CO2 capture by the slag from lignite's chemical looping gasification using carbide slag

• Published in: Energy (Oxford) Vol. 301; p. 131681
• Main Authors: Yang, Jie, Han, Changye, Liu, Yuchen, Yan, Xiang, Dong, Shenlin, Ma, Liping, Dai, Quxiu, Huang, Bing, Sun, Mingyi, Yin, Xia, Xie, Longgui, Du, Wang
• Format: Journal Article
• Language: English
• Published: Elsevier Ltd 15.08.2024
• Subjects: Calcium carbonate; Carbide slag; CO2 capture; Lignite; Slag from chemical looping gasification; Slag from chemical looping gasification; Carbide slag; Lignite; CO2 capture; Calcium carbonate
• ISSN: 0360-5442
• DOI: 10.1016/j.energy.2024.131681

Due to its large amount, solid waste used as an oxygen carrier in chemical looping gasification (CLG) is not generally recycled. In order not to turn solid waste into secondary solid waste, re-resourcing research of the slag from CLG is worth consideration. The slag from lignite's CLG mainly consists of CaCO3, CaO, and small amounts of Ca(OH)2. In order to further purify CaCO3 and to achieve reduction in carbon emissions, the present work proposed the use of slag from lignite's CLG to capture CO2 and obtain purer calcium carbonate. The reaction properties and the reaction mechanism of the slag from CLG for CO2 capture were investigated using thermodynamic simulations, tubular furnace experiments, thermogravimetric experiments and characterizations. After analyses, it was suggested that reaction temperature for CO2 capture using slag from CLG lied within the temperature range of 300–800 °C. Reaction mechanism of slag from CLG to capture CO2 was different at different reaction temperatures.
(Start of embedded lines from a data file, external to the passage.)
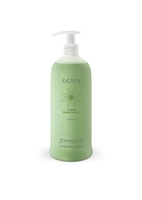 SENSITIVE BALANCE SHAMPOO 1L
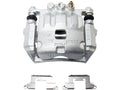 Front Left Brake Caliper for Mazda 2 (2011–2014) JV411DV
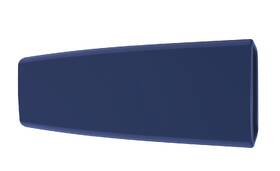 Akumulátorový vysavač Hoover HJ36DLB 011 

 obrázek produktu 5 z 8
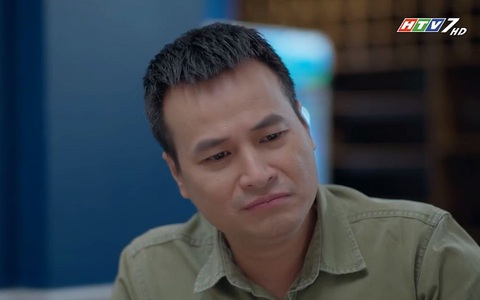 Tìm gặp em rể để cứu vãn hôn nhân cho em gái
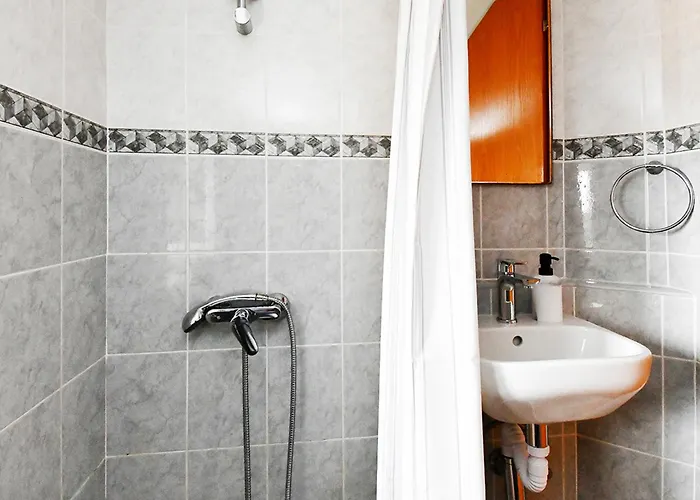 Lucia Old Town Dubrovnik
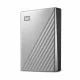 Western Digital WDBFTM0040BSL-WESN #3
When the reaction temperature lied within the range of 300–400 °C, <Ca(OH)2+CO2→CaCO3+H2O> and <CaO+CO2→CaCO3> were the main reactions. When the reaction temperature lied within the range of 400–800 °C, <CaO+CO2→CaCO3> was the main reaction. The present study provides a method to turn waste into treasure without the need of subsequent recycling during lignite's CLG, and promotes the realization of “International Double Carbon Policy". •This study introduces a thoroughly way for carbide slag full quantization utilization.•Slag from chemical looping gasification to capture CO2 achieved CaCO3 from 400 °C to 800 °C.•Compared with CaO, this slag has higher base concentration and stronger CO2 adsorption capacity.•Reaction mechanism at different temperatures obtained through experimental and theoretical analyses.